I hope you will consider including copies of documents and photographs in your book. Also, you should explain your reasoning, your proof for the relationships you assert. Notice I said YOUR proof, not the documents' proof. Documents can only document; it is your task to prove your arguments. If some relationships are cloudy, it is even more important to include copies of documents, and your explanation of various possibilities. Remember, your book will not be the last word. Once your fellow researchers have your book in their hands, your reasoning will be tested, and perhaps disputed. Isn't that great?

Where will you get the time to do the book? You are already writing your book! You are finding documents, pondering their implications, and writing queries based upon your findings. Your book is just the organized collection of these parts. In fact, some people choose to write small books - say, 3 generations of one family - so that this task is manageable. Once you have the text, included documents and pictures, and index just the way you want them, visit your local copy shop, and ask their advice about publishing. You may be able to print out the text and index on one of their printers to make the best possible copy for reproduction. Even if you decide to write a major work and publish in hard-cover, your copy shop will be able to help you in pre-press and photograph preparation.

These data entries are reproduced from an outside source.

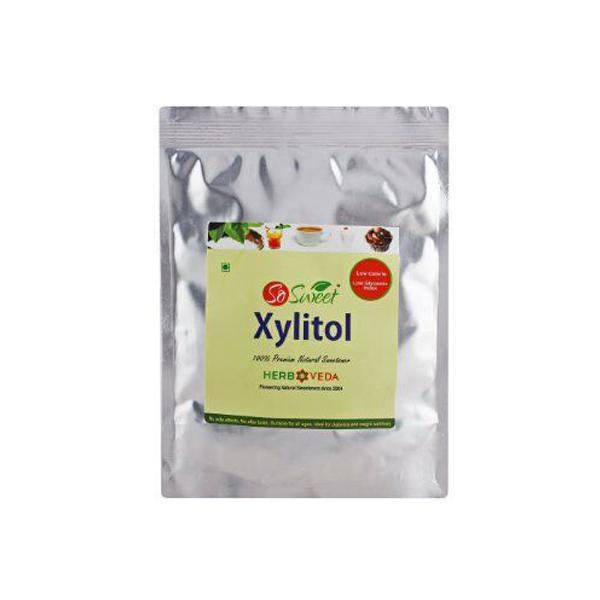 So Sweet 100% Natural 0% Calories Sweetener Xylitol Powder 500 gm - Sugar Substitute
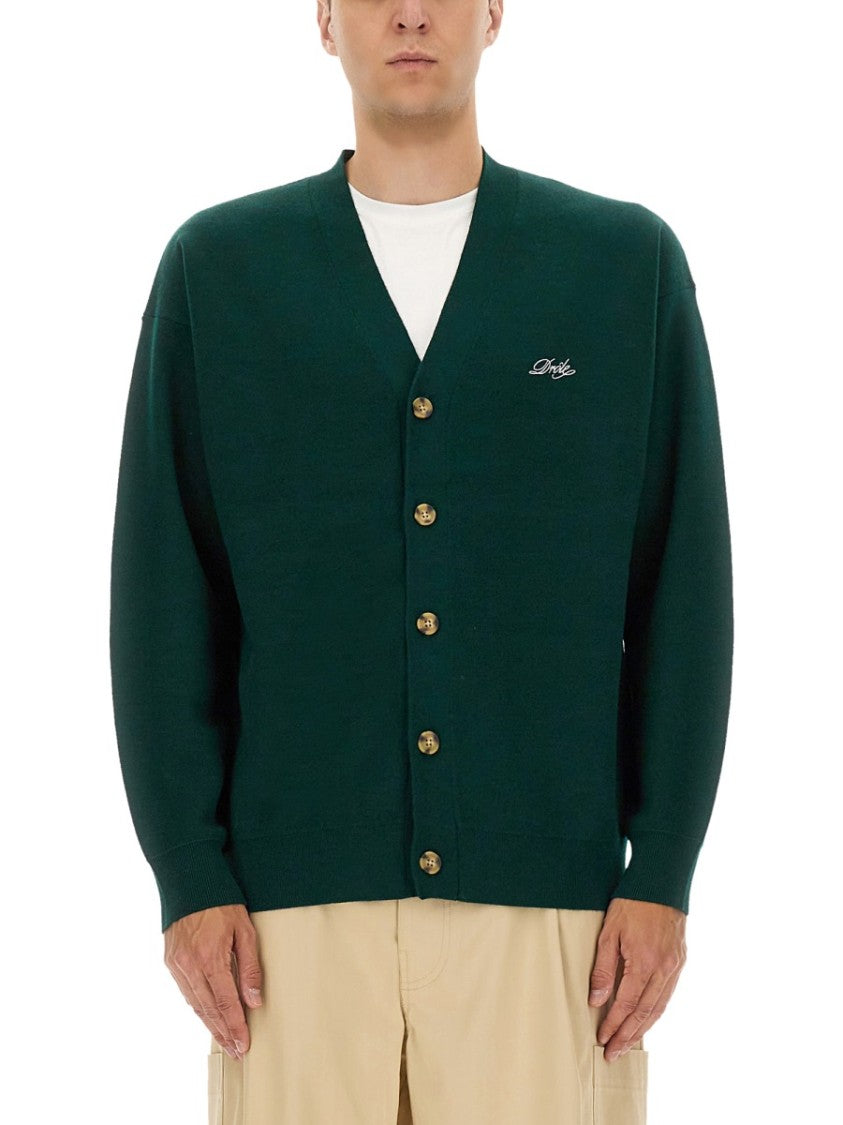Drôle De Monsieur Classic V-Neck Cardigan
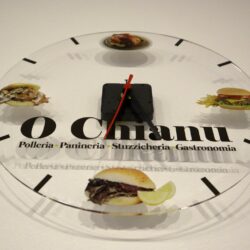 Orologio da parete in Plexiglas Trasparente Regplex Incisione/Foto/Logo Personalizzato - immagine 4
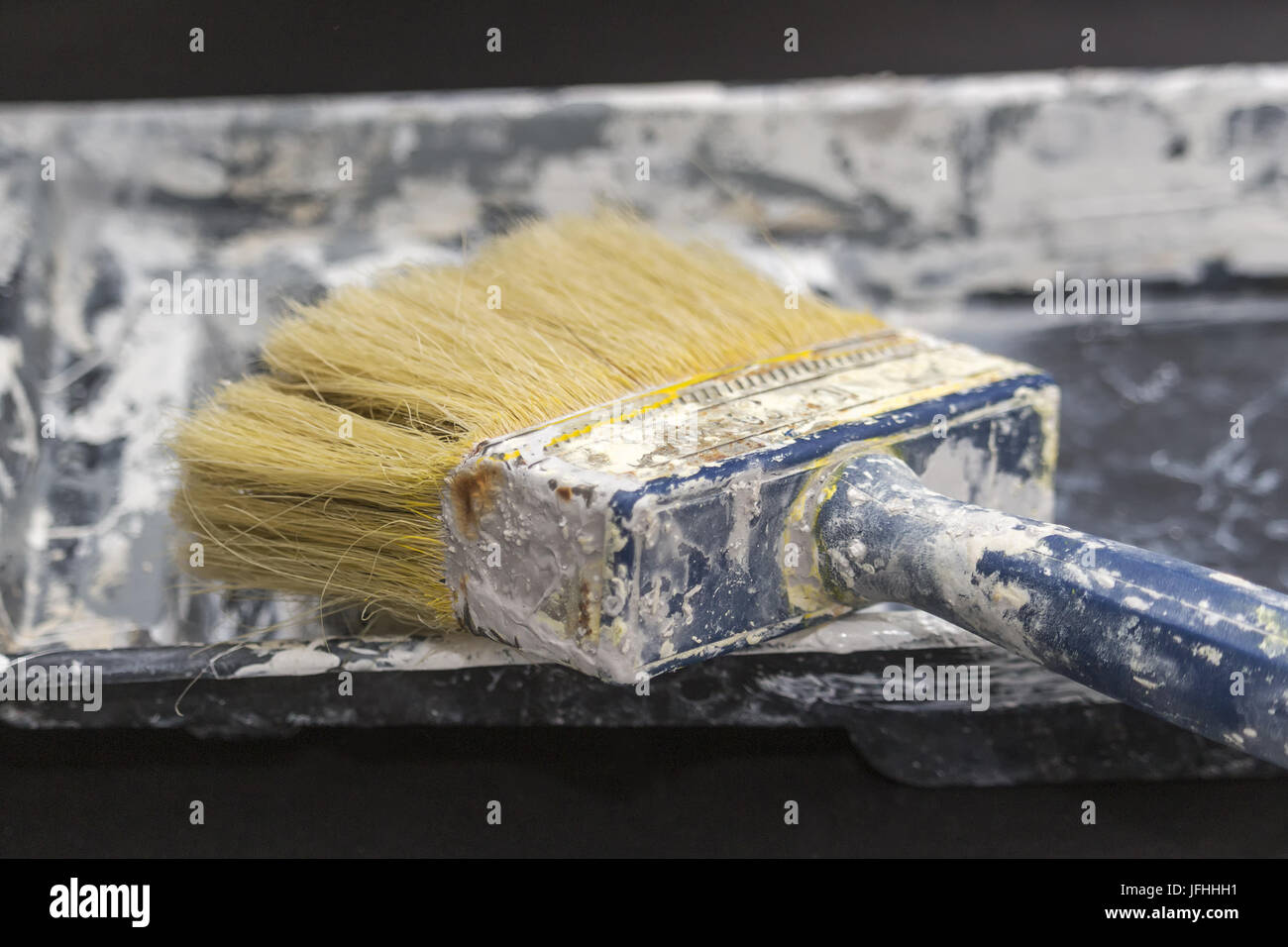 Used paint brush Stock Photo Alamy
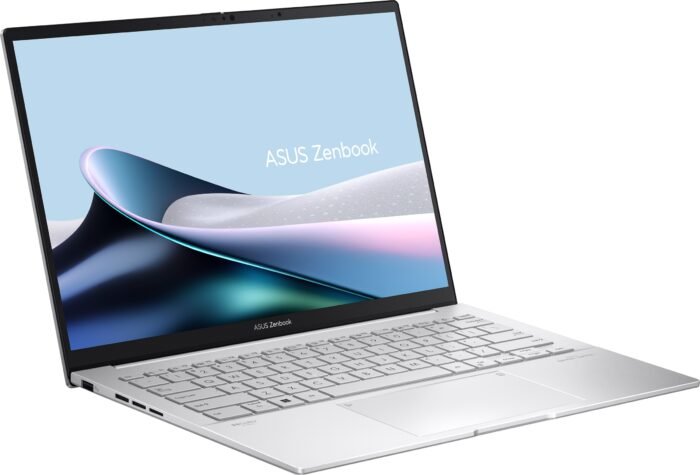Asus | Zenbook 14 UX3405CA-QL219W | Foggy Silver | 14 " | OLED | Touchscreen | WUXGA | 1920 x 1200 pixels | 60 Hz | Glossy | Intel Core Ultra 5 | 225H | 16 GB | LPDDR5X | Solid-state drive capacity 512 GB | Intel Graphics | Windows 11 Home | 802.11be | Bluetooth version 5.4 | Keyboard language US international | Keyboard backlit | Warranty 24 month(s) | Battery warranty 12 month(s)
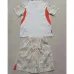Camiseta y pantalones cortos de arquero para niños de Manchester City 2024/25 - Blanco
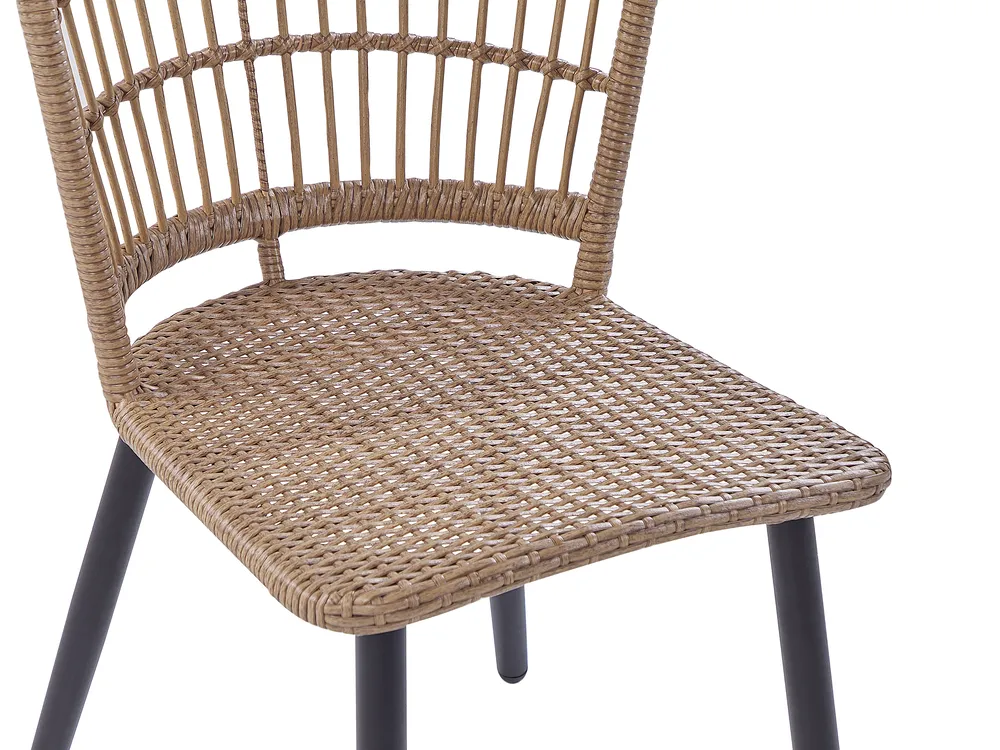 Gartenmöbel Set 6-Sitzer ALIANO II inkl. Kissen Polyrattan Beige_812465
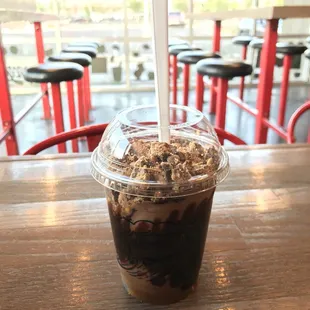 Chocolate Turtle Shake $4.99.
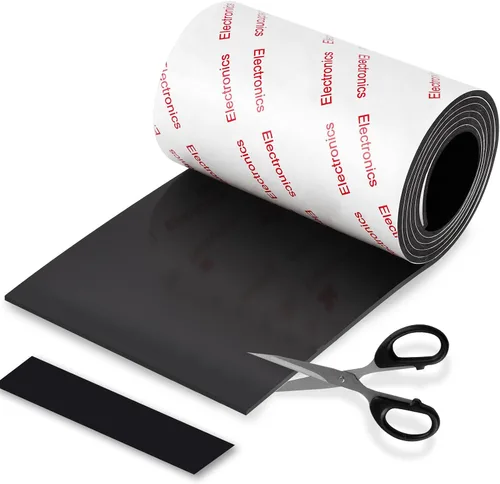 Almohadillas de goma antideslizantes, almohadillas de silicona antideslizantes, almohadillas adhesivas de goma de 4 x 40 pulgadas, color negro,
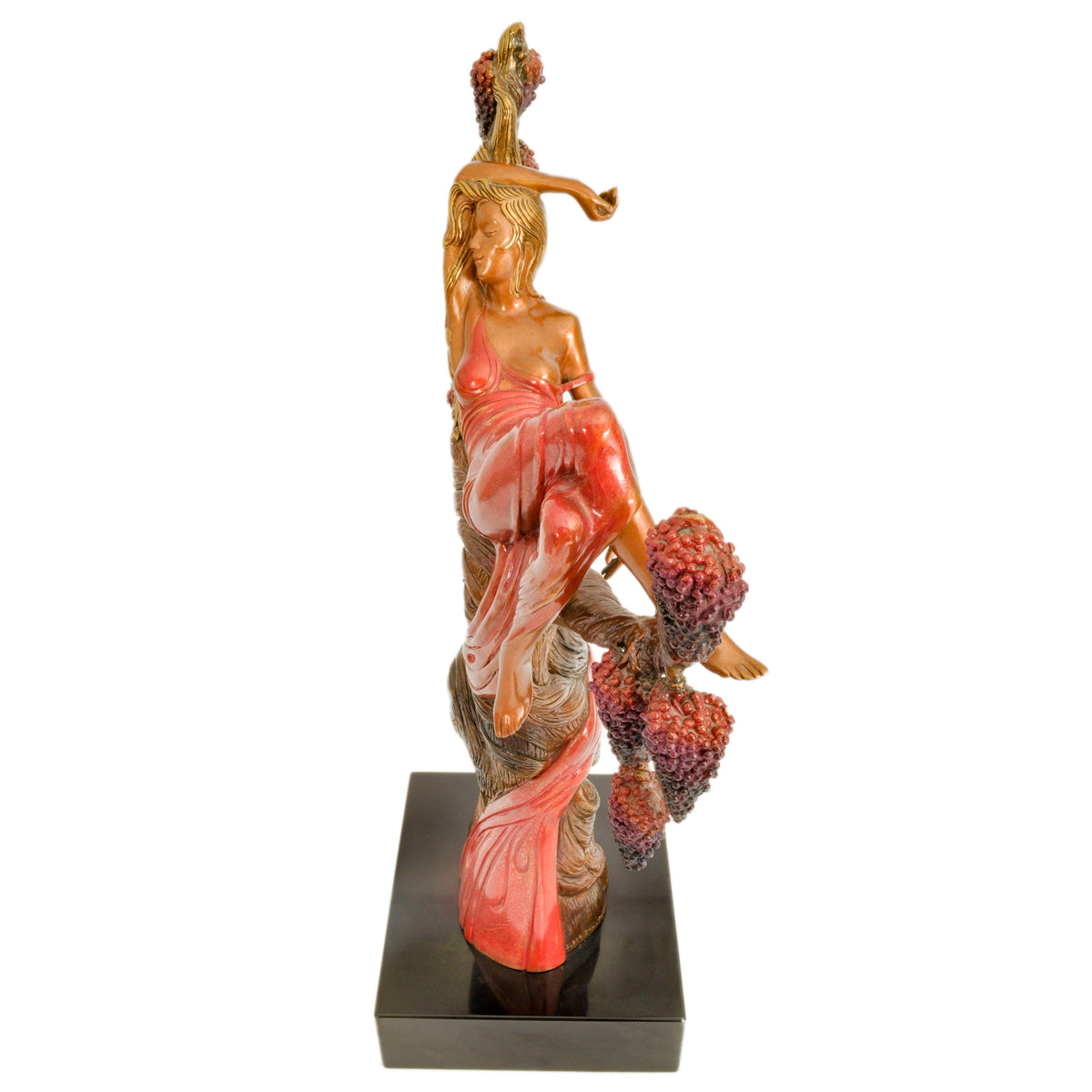 Art Deco " Heat " Bronze Female Figure Statue Sculpture Limited Edition Erté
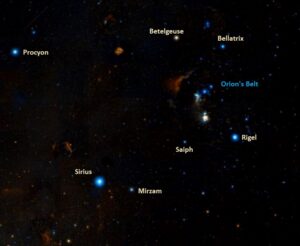how to find mirzam in the sky
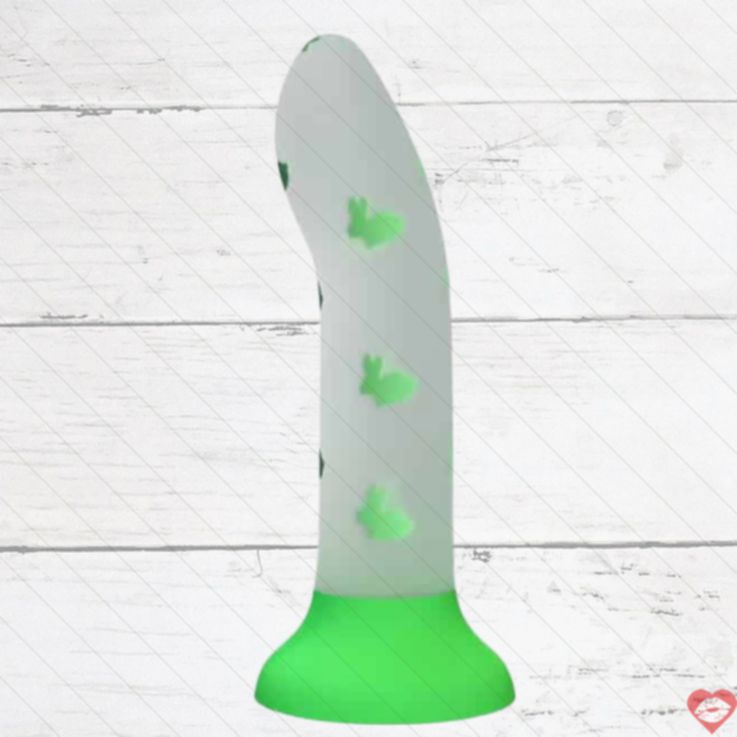 Pretty Love dildo phát sáng xanh 17cm silicon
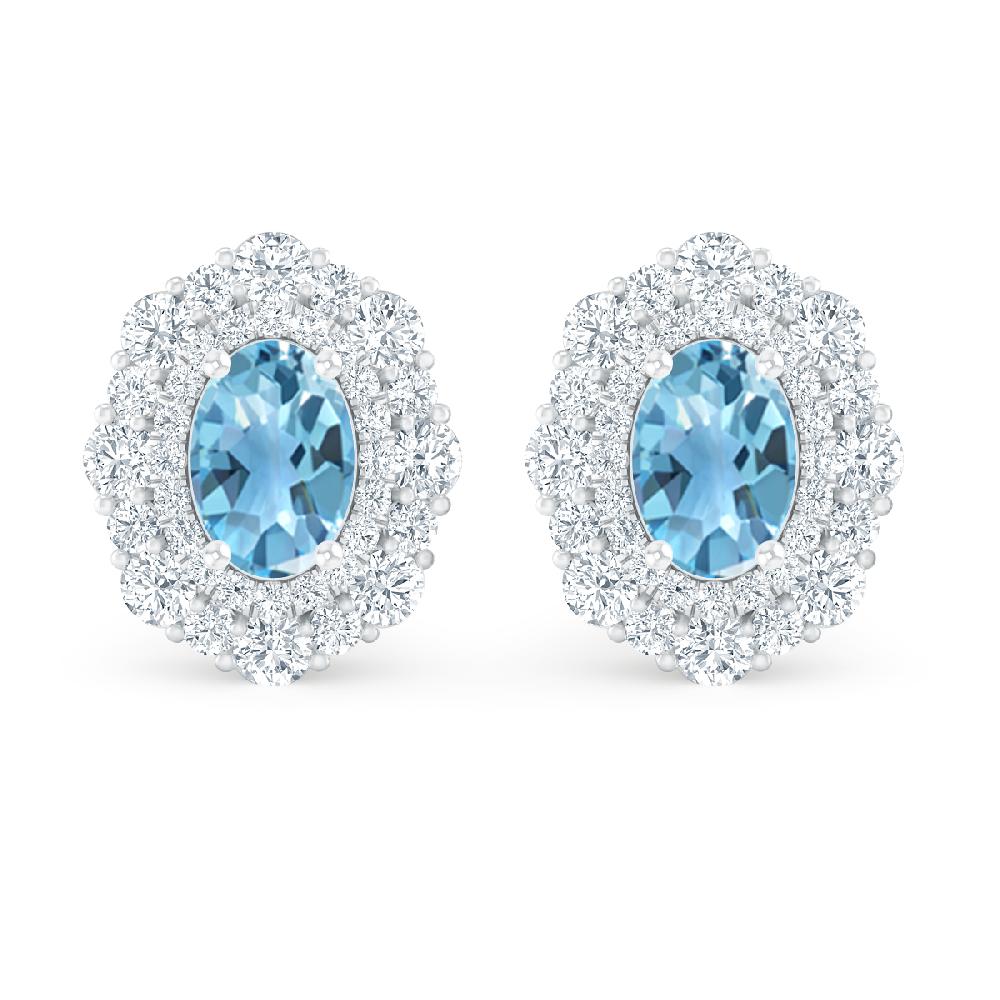 White Gold - Blue Topaz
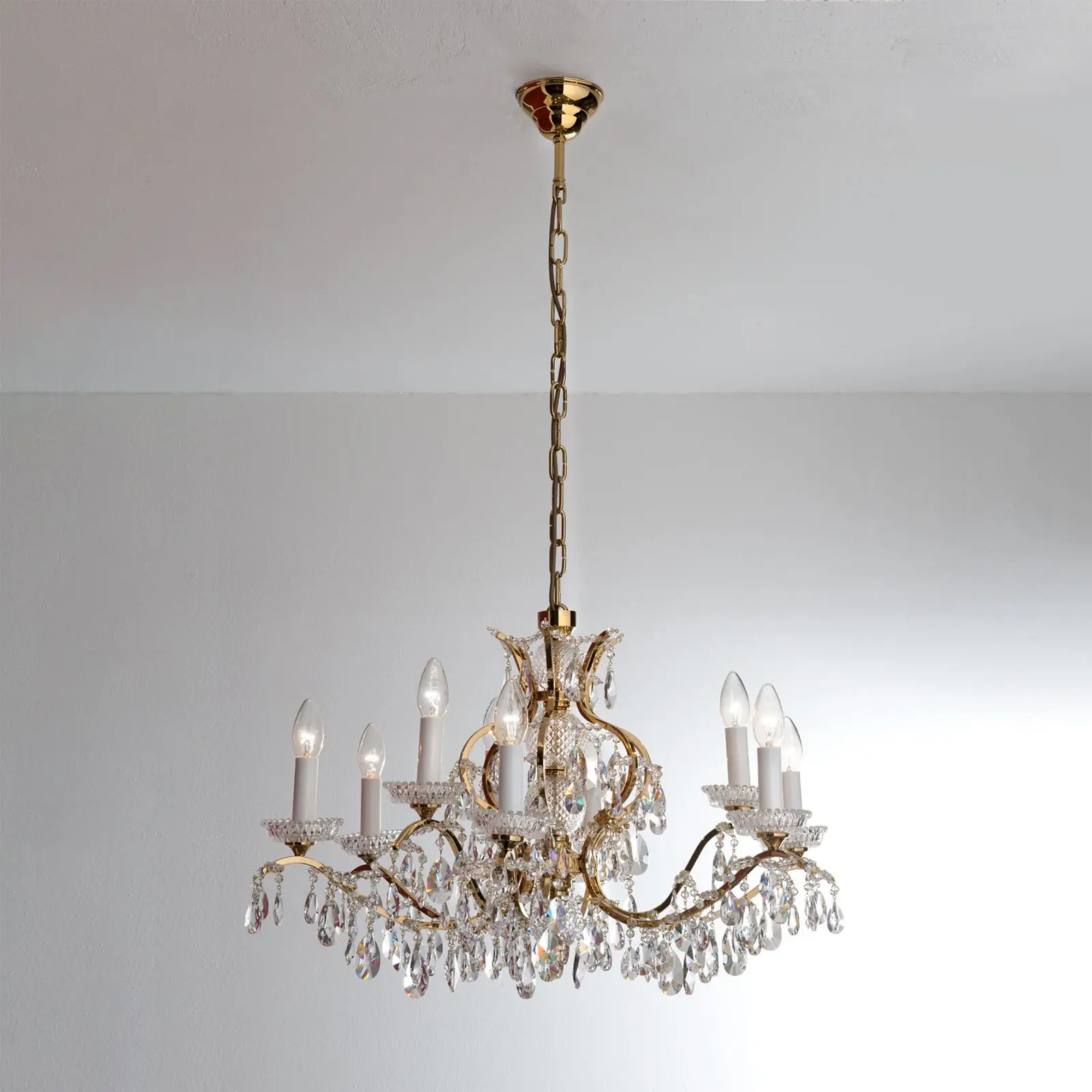 Luster HIROHITO, 9 izvora svetla, zlatni - 4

Once you have a master copy, it's time to reproduce and bind. Consider having a few extra master copies made, because with family history, there are some interesting possibilities open to you. One is the Allen County Public Library, who will photocopy your unbound master copy, and bind the photocopied book to place on their shelves. They will return your master copy, along with a free bound photocopy! Pretty cool offer. I found this mentioned in the Genealogy Blog, here: http://genealogyblog.com/index.php?p=2490. To use this service, "mail your unbound 'master copy' to Steve Myers, Assistant Manager, Historical Genealogy Department, PO Box 2270, Fort Wayne, IN 46801-2270. Include a note that reads, 'Photocopy Exchange Program.'" Thanks to Curt Witcher for writing about this great service to genealogists all over the world.

Another way to get your book circulated is to donate a copy to the Family History Library. If you permit them to microfilm your book, you will get a free microfilmed copy of your own, along with your original master copy back. For more information about this service, see: http://www.familysearch.org/Eng/Library/FHL/frameset_library.asp?PAGE=library_donations.asp
Of course, you can also donate a bound copy of your book. People will be able to consult your bound copy only at the Family History Library in Salt Lake City. Books do not circulate to the Family History Centers unless they are microfilmed.

You may want to donate a copy to your local library, or libraries local to the subject family. Your book will become much better known if researchers who travel to the localities where your family lived are able to consult your book. Be sure to include contact information in the book, if you want to continue to sell copies!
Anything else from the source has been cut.